**** Provided records ****
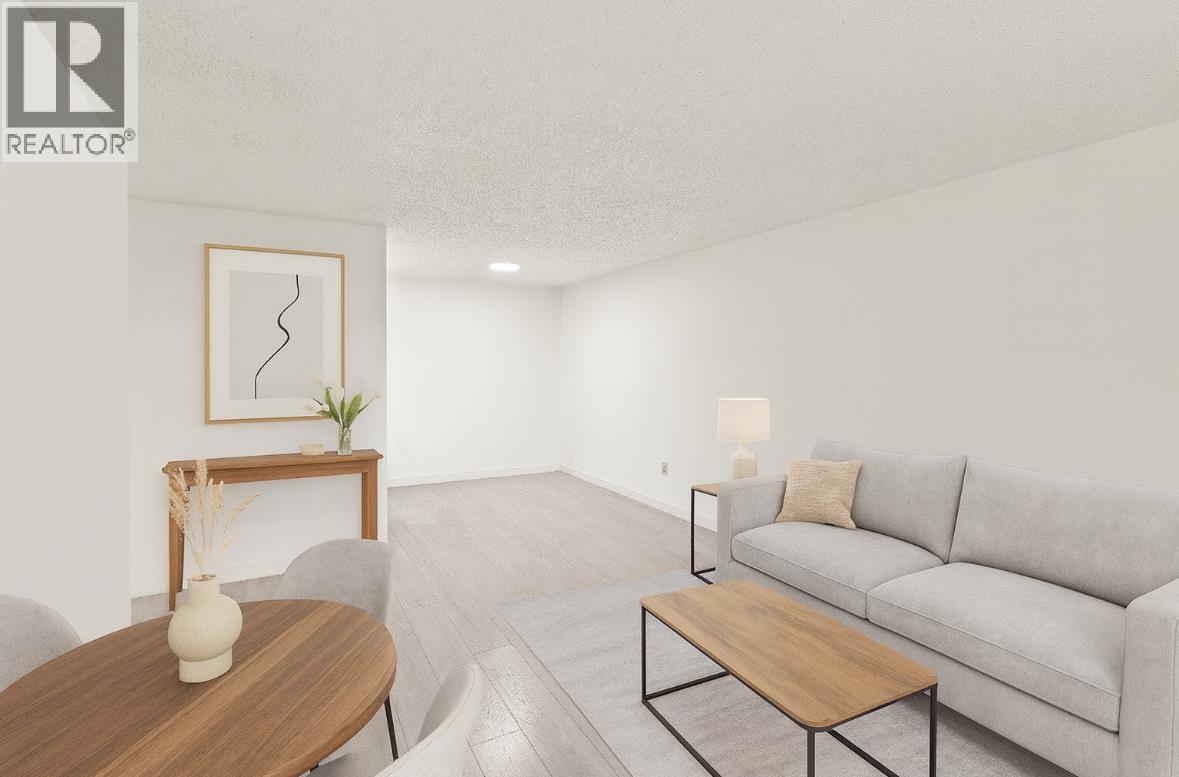 162 7293 MOFFATT ROAD ROAD, Richmond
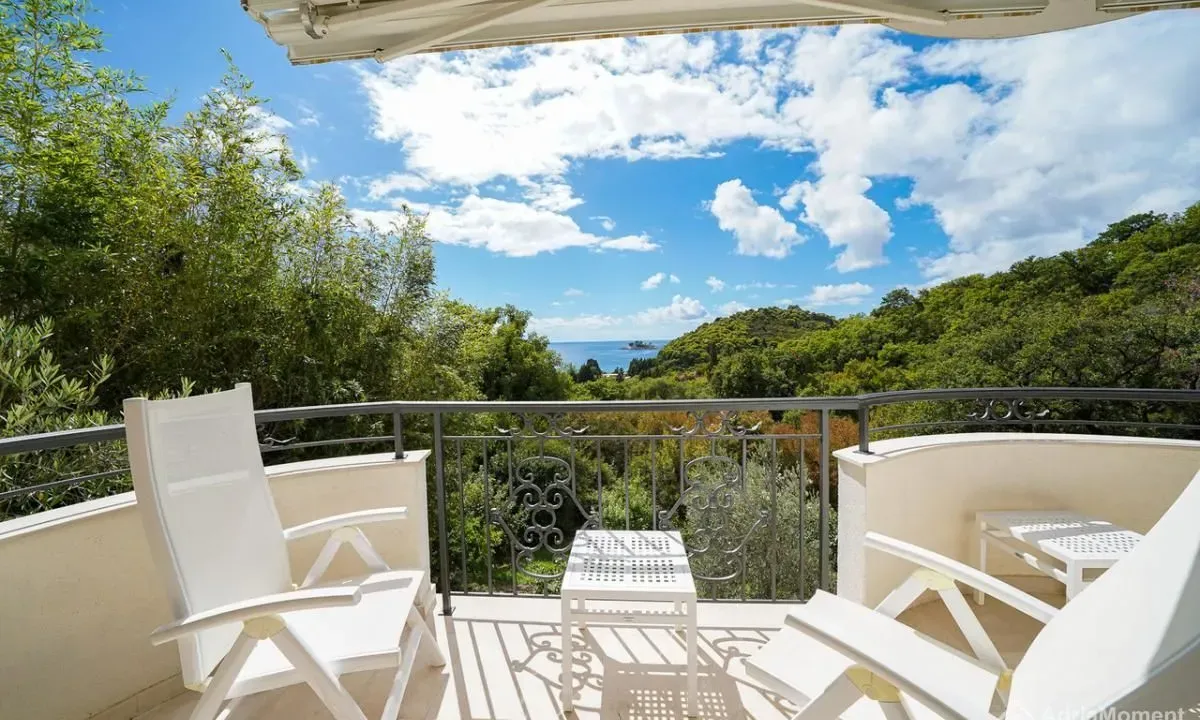 Prodaja, dvosoban stan, 86m², Petrovac, Budva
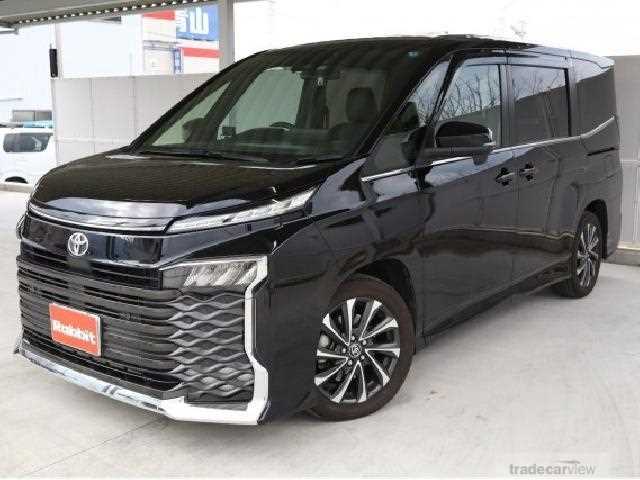 2022 Toyota Voxy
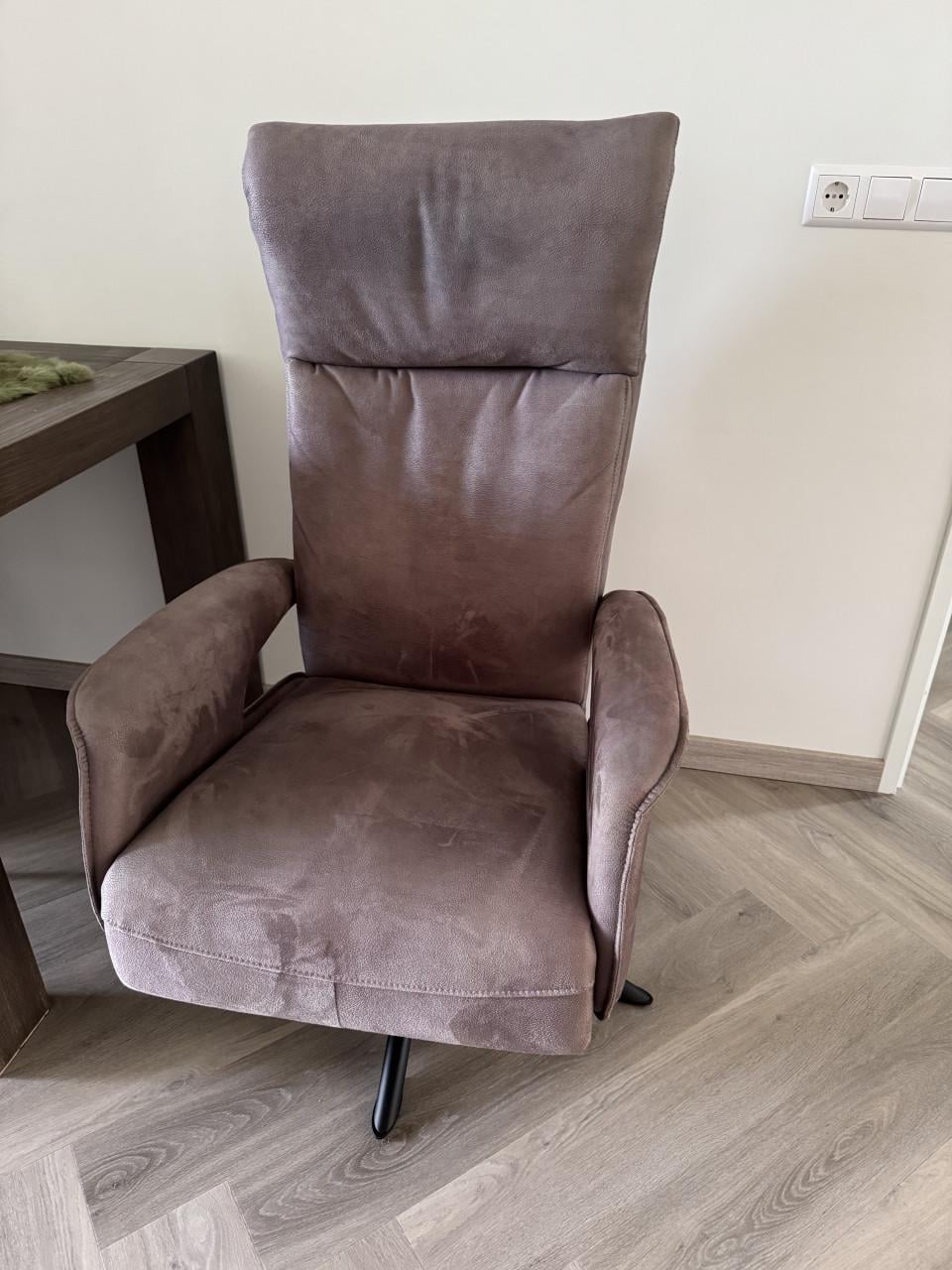 2 verstelbare relaxstoelen
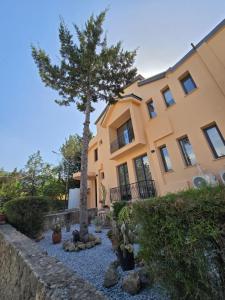 Το κτήριο όπου στεγάζεται  ο ξενώνας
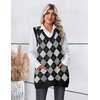 Zeagoo Women’s Sweater Vest 2026 Oversized Sleeveless V Neck Pullovers with Pocket Knitted Fall Outfits(Black Argyle)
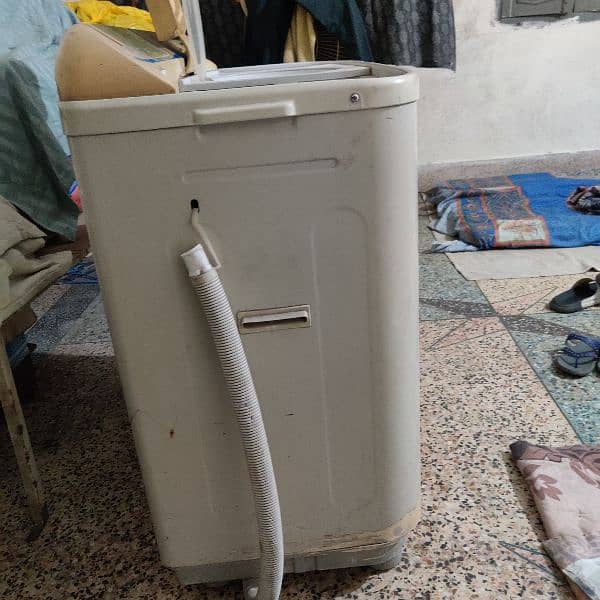 Haier Washing machine and Dryer 7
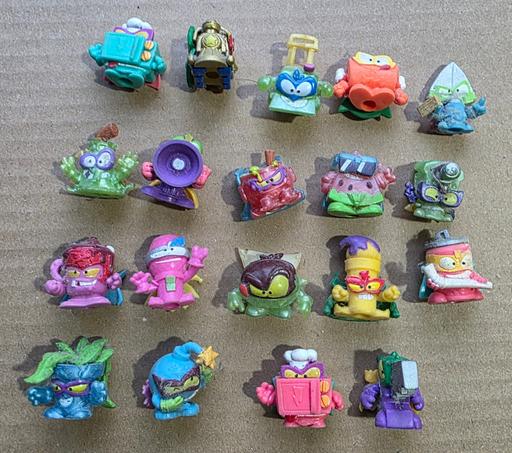 Buy & Sell Stourbridge Dudley - Photos for Superthings Mini Toy Figures Job Lot x 19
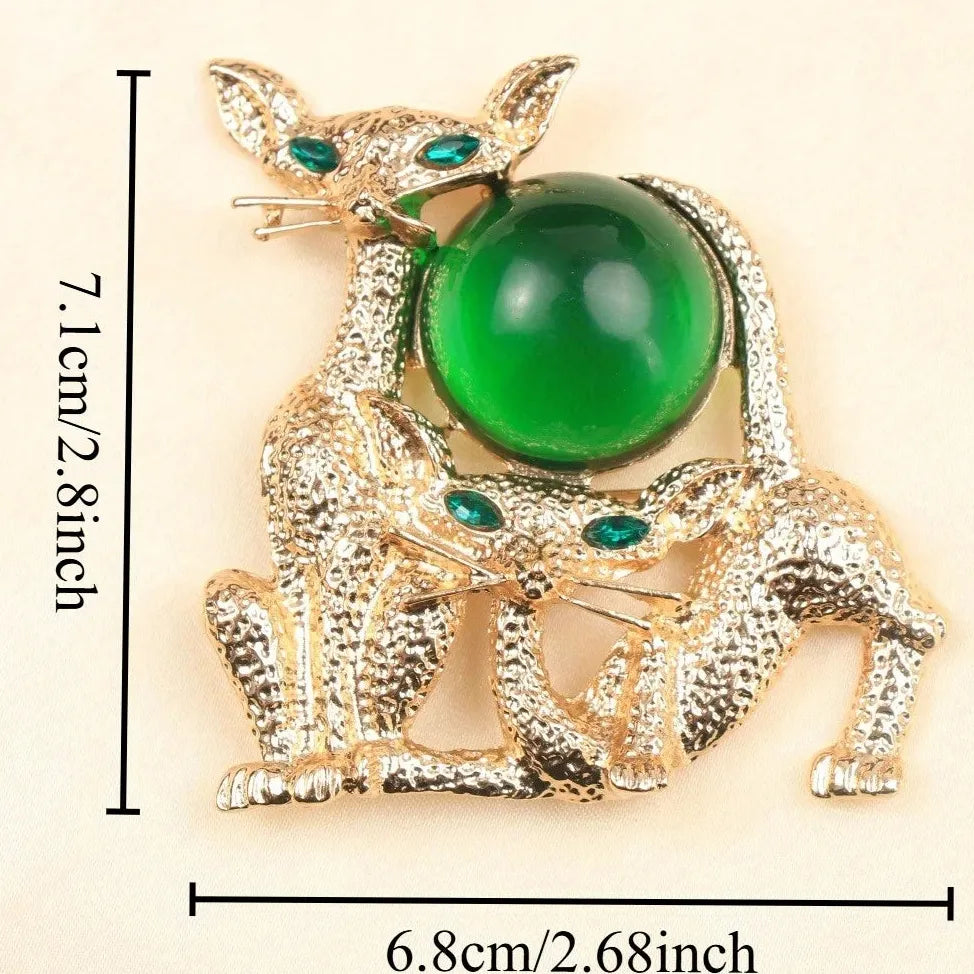Vintage Cat Brooch Classic Jewelry Gift for Men and Women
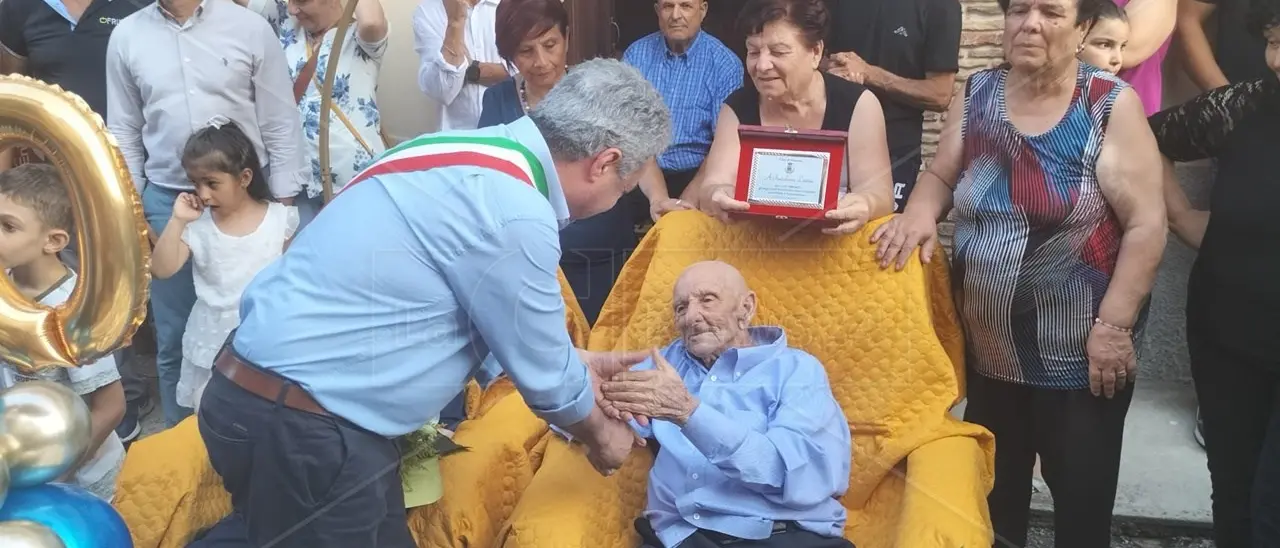 Nicotera, grande festa nella frazione Comerconi per le 100 candeline di nonno Pantaleone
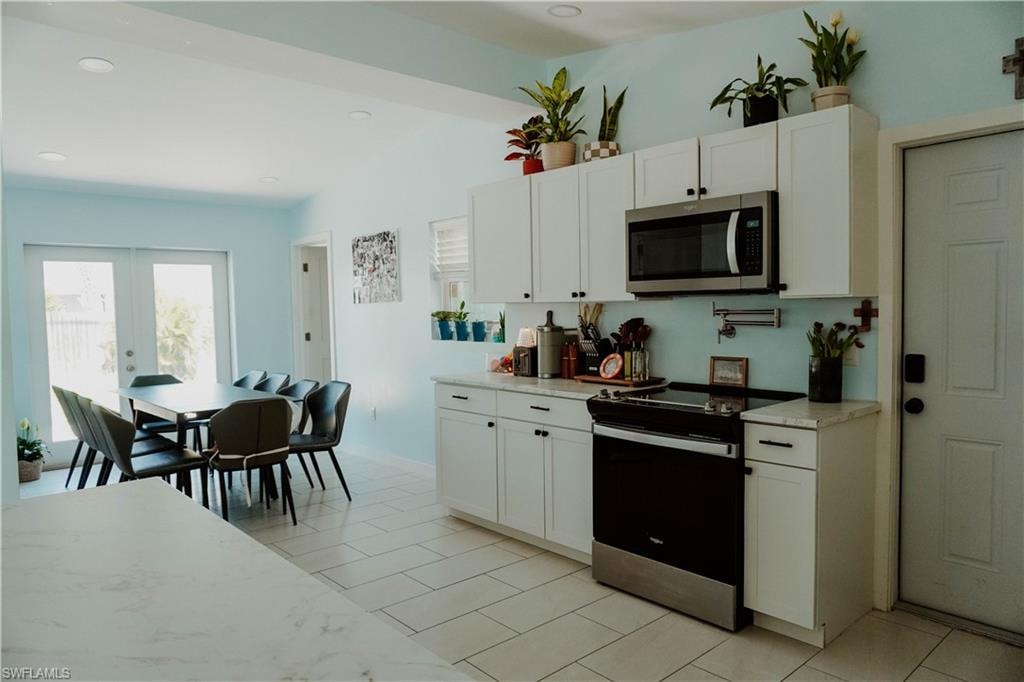 149 Hibiscus DR photo 11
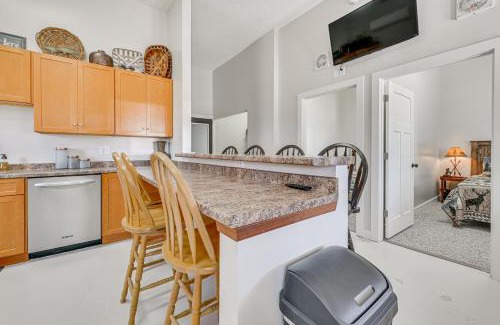 Ellston Casa | Charming Iowa Home 1 Mi to Golf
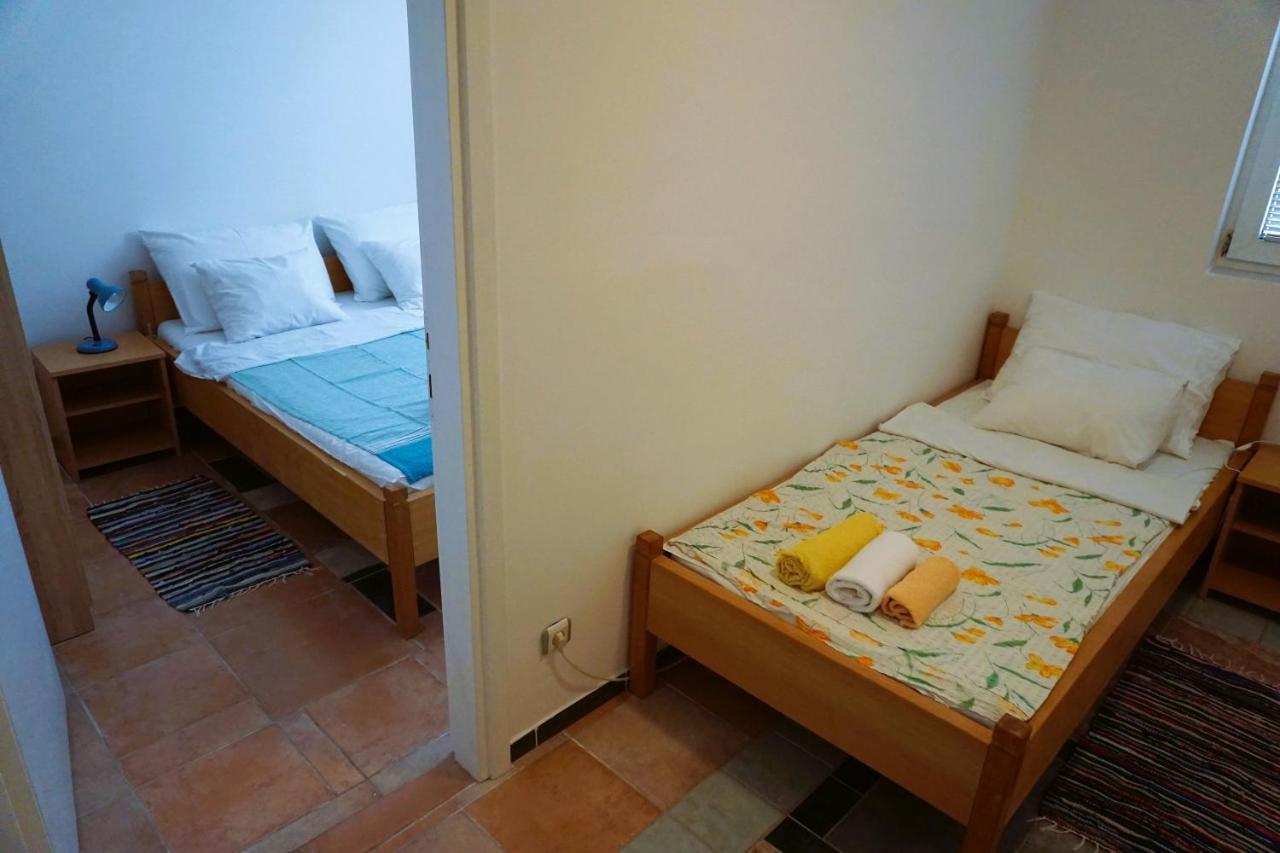 Villa Latina With 6 Apartments And A Shared Pool Vir Luaran gambar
****
#### [Task prompt]
Your answer must be an exact copy of the records, without the pictures.

#### [Exercise result]
 162 7293 MOFFATT ROAD ROAD, Richmond
 Prodaja, dvosoban stan, 86m², Petrovac, Budva
 2022 Toyota Voxy
 2 verstelbare relaxstoelen
 Το κτήριο όπου στεγάζεται  ο ξενώνας
 Zeagoo Women’s Sweater Vest 2026 Oversized Sleeveless V Neck Pullovers with Pocket Knitted Fall Outfits(Black Argyle)
 Haier Washing machine and Dryer 7
 Buy & Sell Stourbridge Dudley - Photos for Superthings Mini Toy Figures Job Lot x 19
Vintage Cat Brooch Classic Jewelry Gift for Men and Women
 Nicotera, grande festa nella frazione Comerconi per le 100 candeline di nonno Pantaleone
 149 Hibiscus DR photo 11
 Ellston Casa | Charming Iowa Home 1 Mi to Golf
 Villa Latina With 6 Apartments And A Shared Pool Vir Luaran gambar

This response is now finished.